My instinct is to treat this interruption in normality as a short-term thing because it’s tempting to believe that things will return to normal eventually. But it seems clear that it is now even more important to fight this instinct. Part of that will be to learn how to be in multiple minds simultaneously.
With one mind, enjoying what remains of the normal as it gradually disappears, hoping (but not expecting) it to return. With another mind, perceiving and appreciating what is newly emerging, without the expectation that it will persist. With yet a third, preparing for the unknown that is still to come. Three identities—past, present, and future—that must all be in the foreground at once.
By identity, I mean simply the entirety of how I exist in the world. This includes everything from what I do for work, to what I eat and drink, to what I wear, to where I go for vacations, to how I interact with others. (Suddenly entirely through WhatsApp and Zoom.)
We are always in a state of becoming who we will be in the future, as who we were in the past continually evolves past who we have become in the present. Usually, in more settled, stable times, this process of becoming is so seamless it is hard to see. So, in what seems the blink of an eye, one goes from a disaffected teenager objecting to government suppression of free speech to middle-aged grouch complaining about factchecking standards in liberal newspapers—and this evolution seems totally continuous.
In settled times (a term from sociologist Ann Swidler), it’s rare to be simultaneously confronted by past, present, and future identities that are clearly divergent from each other. For this reason, there’s no need to learn how to hold multiple clearly different identities at once.
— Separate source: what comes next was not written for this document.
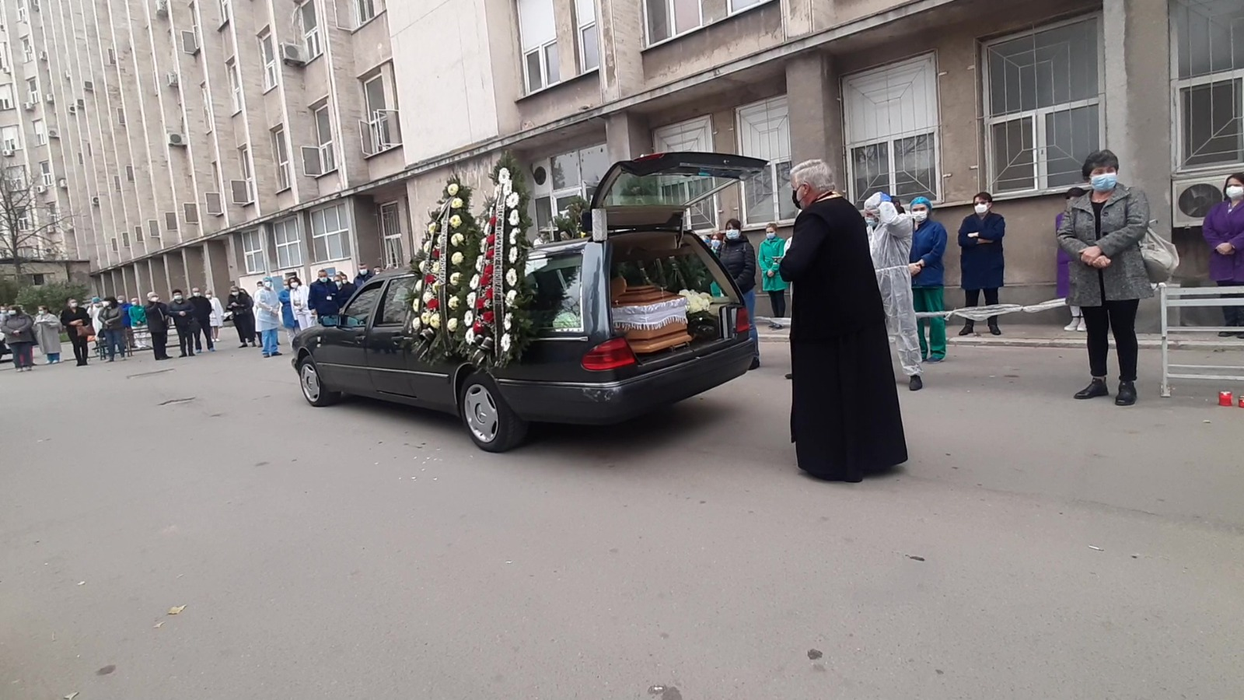 Zeci de medici și asistente au venit la morga spitalului pentru a-și lua rămas bun de la colegul lor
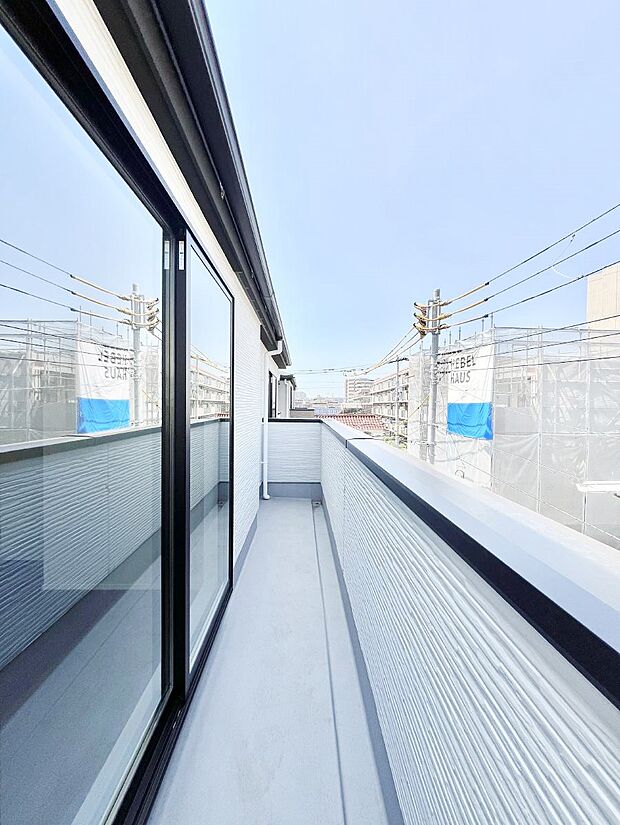 風通しの良いバルコニー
But in more unsettled times, the usually imperceptible seams between past, present, and future grow large and obtrusive. Slow evolution of identity is not only impossible, it’s counterproductive. That way lies boiled frog syndrome (issue #16 talked a little about organizational boiled frog syndrome.) In unsettled times like the ones we are in now, there is no choice but to learn how to simultaneously be many people. Adaptation is otherwise impossible.
The ability to be in many minds at once is a capability which is emotionally difficult to build. Fear of change and uncertainty is a real and visceral obstacle to taking action. This emotional obstacle isn’t given enough consideration.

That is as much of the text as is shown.